Testing, deployment & operations
Studio provides a complete set of pages for evaluating agent quality, deploying agents to production environments, and monitoring live conversations. These capabilities span the Evaluate and Operate groups in the project sidebar.
Evaluations
Evaluations provide a systematic framework for testing and measuring agent quality. Studio’s evaluations system lets you define test personas, create realistic scenarios, configure automated evaluators, bundle them into evaluation sets, and run evaluations against your agents.
Evaluations page
Navigate to Evaluate > Evaluations from the project sidebar. The evaluations page is organized into five tabs:
| Tab | Purpose |
|---|
| Personas | Define synthetic user profiles that simulate real customers |
| Scenarios | Create test conversation scripts and situations |
| Evaluators | Configure automated judges that score agent responses |
| Eval Sets | Bundle personas, scenarios, and evaluators into reusable test suites |
| Runs | Execute evaluations and review results |
A Quick Eval button in the header provides a shortcut for running a fast, ad-hoc evaluation without setting up a full eval set.
Personas
Personas represent the types of users who interact with your agents. Each persona defines a user profile that shapes how test conversations unfold.

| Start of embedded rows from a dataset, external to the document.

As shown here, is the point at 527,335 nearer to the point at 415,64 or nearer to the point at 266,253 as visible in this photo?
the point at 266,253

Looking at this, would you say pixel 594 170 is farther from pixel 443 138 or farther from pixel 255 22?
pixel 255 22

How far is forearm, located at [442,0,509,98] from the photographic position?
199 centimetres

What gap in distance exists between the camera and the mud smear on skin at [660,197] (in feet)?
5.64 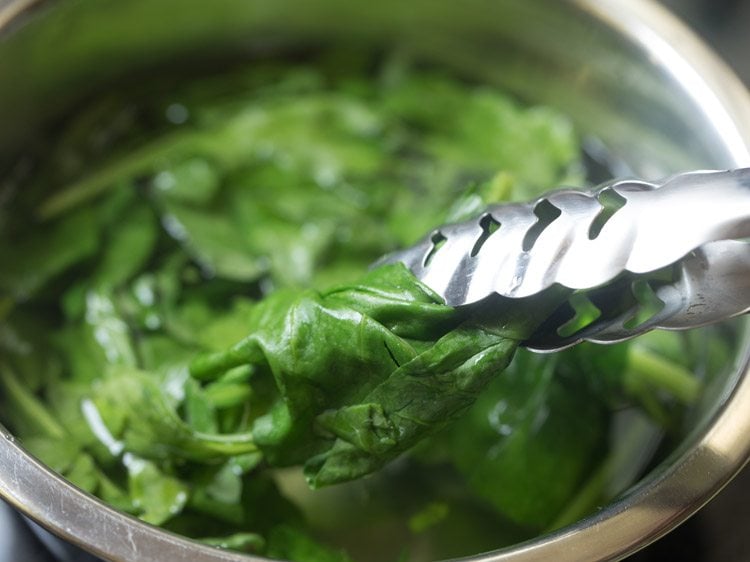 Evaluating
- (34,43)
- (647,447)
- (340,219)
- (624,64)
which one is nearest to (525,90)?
(624,64)

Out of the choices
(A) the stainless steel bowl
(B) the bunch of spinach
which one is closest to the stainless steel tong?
(B) the bunch of spinach

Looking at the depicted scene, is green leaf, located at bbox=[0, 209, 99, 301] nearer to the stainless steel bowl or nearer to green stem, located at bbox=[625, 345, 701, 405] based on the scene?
the stainless steel bowl

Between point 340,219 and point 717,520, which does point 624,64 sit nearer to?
point 340,219

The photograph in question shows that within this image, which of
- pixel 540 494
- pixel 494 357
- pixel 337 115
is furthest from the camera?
pixel 337 115

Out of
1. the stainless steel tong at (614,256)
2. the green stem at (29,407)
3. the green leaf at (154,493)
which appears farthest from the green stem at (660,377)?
the green stem at (29,407)

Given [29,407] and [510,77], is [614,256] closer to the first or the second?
[29,407]

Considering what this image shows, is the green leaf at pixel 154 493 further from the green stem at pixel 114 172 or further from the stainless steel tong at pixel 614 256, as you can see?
the green stem at pixel 114 172

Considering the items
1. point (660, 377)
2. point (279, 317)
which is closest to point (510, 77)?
point (660, 377) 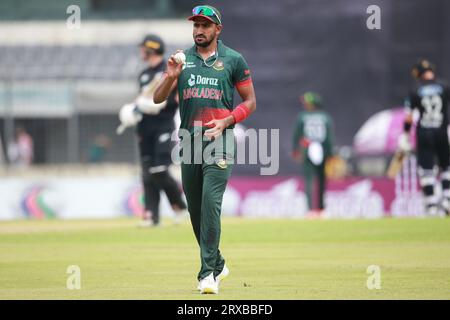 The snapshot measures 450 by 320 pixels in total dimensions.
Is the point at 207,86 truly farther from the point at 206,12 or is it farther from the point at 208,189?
the point at 208,189

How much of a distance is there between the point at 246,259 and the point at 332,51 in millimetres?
12360

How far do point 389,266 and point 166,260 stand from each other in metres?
2.60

To create a persona, select the Personas tab, click Create Persona, and fill in:
- Name — a descriptive label (e.g., “Frustrated Customer,” “Technical Expert,” “New User”).
- Description — background information about this user type.

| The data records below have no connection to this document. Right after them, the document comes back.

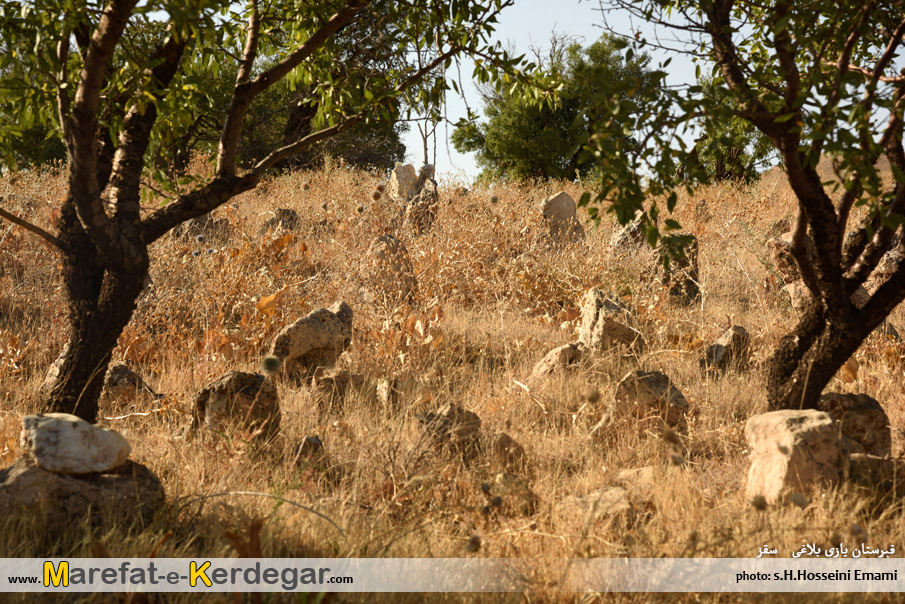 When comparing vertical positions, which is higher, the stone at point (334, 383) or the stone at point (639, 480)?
the stone at point (334, 383)

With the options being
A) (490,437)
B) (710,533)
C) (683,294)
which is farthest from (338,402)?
(683,294)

- Traits — behavioral characteristics that influence conversation style (e.g., impatient, detail-oriented, non-technical).

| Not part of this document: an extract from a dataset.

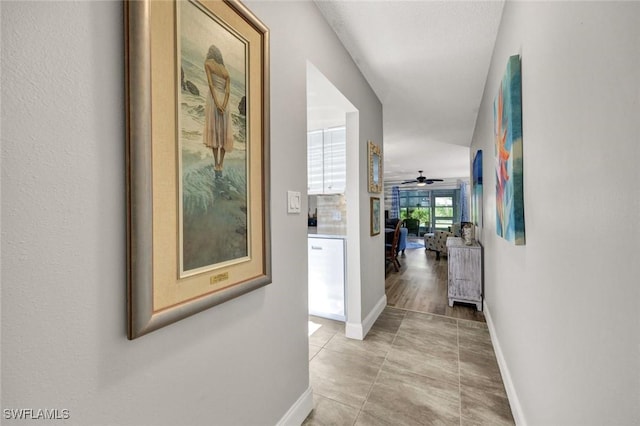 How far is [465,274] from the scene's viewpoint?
3355 mm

- Goals — what this persona is trying to achieve when talking to the agent.
- Context — additional background information (account type, history, preferences).
Tip: Create personas that represent your actual user segments. Include edge-case personas (e.g., users with accessibility needs, users who speak in short phrases, users who provide irrelevant information) to test agent robustness.
Scenarios
Scenarios define specific situations or conversation flows to test. To create a scenario, select the Scenarios tab, click Create Scenario, and configure:
- Name — a descriptive title (e.g., “Password Reset Request,” “Product Return with Missing Receipt”).
- Description — the situation being tested.
- Initial message — the opening message that starts the test conversation.
- Expected flow — key steps or outcomes the conversation should reach.
- Success criteria — what constitutes a successful resolution.
- Variables — dynamic data used in the scenario (order numbers, account IDs, etc.).
Evaluators
Evaluators are automated judges that score agent performance on specific dimensions. To create an evaluator, select the Evaluators tab, click Create Evaluator, and configure:
- Name — the quality dimension being measured (e.g., “Helpfulness,” “Accuracy,” “Tone”).
- Description — what this evaluator assesses.
- Scoring rubric — criteria for each score level (e.g., 1-5 scale with descriptions for each level).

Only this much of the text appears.